A lightweight, code-first evaluation framework for testing AI agents and LLM applications

These details have not been verified by PyPI

Project links

Project description

EZVals

Unit Testing for AI agents and LLM apps. Write Python functions, use EvalContext to track results, and EZVals handles storage, scoring, and a small web UI.

Installation

EZVals is intended as a development dependency.

pip install ezvals
# or with uv
uv add --dev ezvals

Quick start

Look at the examples directory for runnable snippets. Run the demo suite and open the UI:

ezvals serve examples

UI screenshot

UI highlights

Expand rows to see inputs, outputs, metadata, scores, and annotations.
Edit scores or annotations inline; changes persist to JSON.
Export dropdown: JSON, CSV (raw data), PDF, Markdown (filtered view with charts).

Authoring evals

Write evals like tests. Add a ctx: EvalContext parameter, and EZVals auto-injects a mutable context object.

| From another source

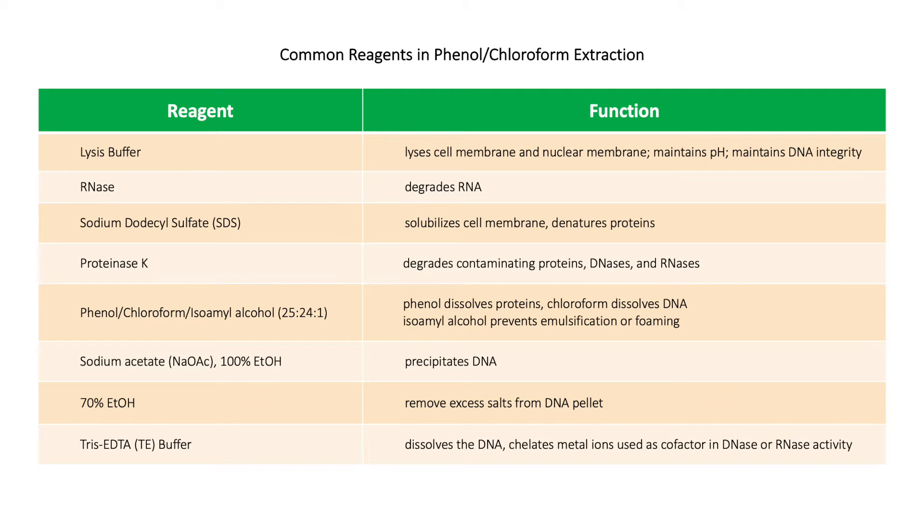Common reagents used in phenol-chloroform DNA extraction include: lysis buffer, used for cell membrane and nuclear membrane lysis — it maintains the pH of the solution and maintains DNA integrity; RNase, which degrades contaminating RNA; sodium dodecyl sulfate (SDS), which solubilizes cell membranes and denatures contaminating proteins; and proteinase K, for digestion of contaminating proteins, DNases, and RNases.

from ezvals import eval, EvalContext

@eval(input="I want a refund", dataset="customer_service")
async def test_refund(ctx: EvalContext):
    ctx.output = await run_agent(ctx.input)
    assert "refund" in ctx.output.lower(), "Should acknowledge refund"

EvalContext

EvalContext is a mutable builder for constructing eval results. When your function has a parameter with type annotation : EvalContext, EZVals automatically injects an instance.

Key features:

Auto-injection: Just add ctx: EvalContext parameter
Direct assignment: Set ctx.output, ctx.input, ctx.reference directly
Assertion-based scoring: Use assert statements like pytest
Auto-return: No explicit return needed
Exception safety: Partial data preserved on errors

Direct field access:

ctx.input = "test input"
ctx.output = "model response"
ctx.reference = "expected output"
ctx.metadata["model"] = "gpt-4"

Scoring with assertions:

assert ctx.output is not None, "Got no output"
assert "expected" in ctx.output.lower(), "Missing expected content"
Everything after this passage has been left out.